Proceeds of Crime Act 1991
[9] Section 15 provides:
15 Forfeiture orders
(1) On the hearing of an application for a forfeiture order in respect of a person’s conviction of a serious offence, the Court may, if it is satisfied that property specified in the application is tainted property in respect of the offence, order that such of the property as is specified by the Court is forfeited to the Crown.
(2) In considering whether or not to make an order under subsection (1) of this section in respect of particular property, the Court may have regard to--
(a) The use that is ordinarily made, or was intended to be made, of the property; and
(b) Any undue hardship that is reasonably likely to be caused to any person by the operation of such an order; and
(c) The nature and extent of the offender’s interest in the property (if any), and the nature and extent of any other person’s interest in it (if any); and
(d) In addition to the matter referred to in section 14(1)(b) of this Act, any other matter relating to the nature and circumstances of the offence or the offender, including the gravity of the offence.
[10] Section 14(1)(b) entitles the Court to take into account any sanction in the nature of a pecuniary penalty or forfeiture of property imposed upon a person consequent upon his conviction.
The District Court Judge’s decision
[11] After setting out the essential facts and statutory provisions the Judge said that the value of the crop seized was reasonably substantial and that he had some suspicion that the respondent had understated the position as regard to his assets and level of income. He noted the respondent’s concession that he was not actually living in the house at Tolaga Bay. In dealing with the four criteria contained in s 15(2) Proceeds of Crime Act 1991, the Judge found that the primary use to which the respondent put the property was to grow cannabis in a concealed environment. He said the respondent was given the benefit of doubt at sentencing that he was indeed growing cannabis for his own use. The Judge noted the equity in the property was in the vicinity of $25,000 and referred to counsel’s submissions that the respondent was unlikely to be able to re-establish himself in any way if the property was taken from him. Counsel had submitted that the respondent’s position was similar to that disclosed in the facts in the case of Cooksley-Mellish v Solicitor-General of New Zealand CA209/05 27 March 2006. In that case an appellant had a mortgage free property worth $330,000, acquired from a Lotto win, being a 10-acre lifestyle block occupied by himself and his partner as the matrimonial home. Cannabis was grown on it and in a way which fell into the upper end of Category 2 in R v Terewi. The property was the first ever owned by the appellant and the offending was described as "moderately serious". [12] In his decision the Judge described there being some suspicion that the respondent may not be disclosing the true status of his financial position. He concluded that his case was more closely aligned to Cooksley-Mellish than other cases because he "stands to lose virtually all his worldly goods". The Judge went on to say of the respondent:
He is not quite 50 years old but is certainly approaching that age. On the balance of probabilities his evidence discloses that he has no other assets apart from the equity in the property at Tolaga Bay. The value of that equity is approximately $25,000 - $30,000. Certainly it is nowhere near as substantial as the equity held by Mr Cooksley-Mellish. However, the principle would seem to me to be the same in that in each case an order for forfeiture would leave them both in the same position of owning nothing....

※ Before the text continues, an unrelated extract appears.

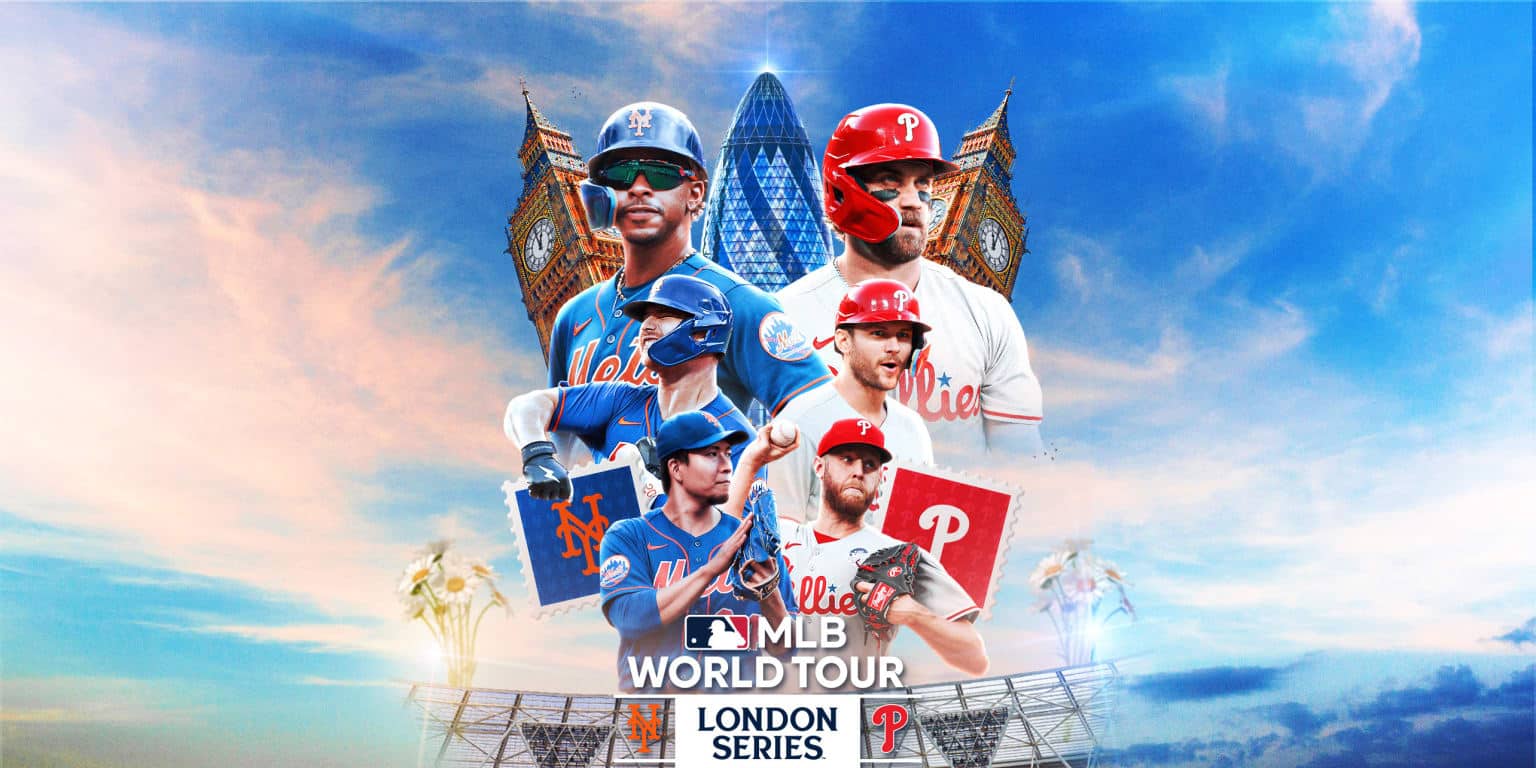 PHILLIES Y METS JUGARÁN EL SEGUNDO DUELO DE LA SERIE EN LONDRES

[13] The Judge referred to remarks made in Cooksley-Mellish to the effect that:
Of relevance also is that the property was intended and used primarily for residential purposes.
and went on to say that such is a consideration if applied to the present case was not quite as clear cut as in Cooksley-Mellish but:
Nevertheless, I am prepared to give Mr Kelly the benefit of the doubt particularly having regard to the special circumstances, which exist in the considerably economically depressed rural towns on the North Island East Coast.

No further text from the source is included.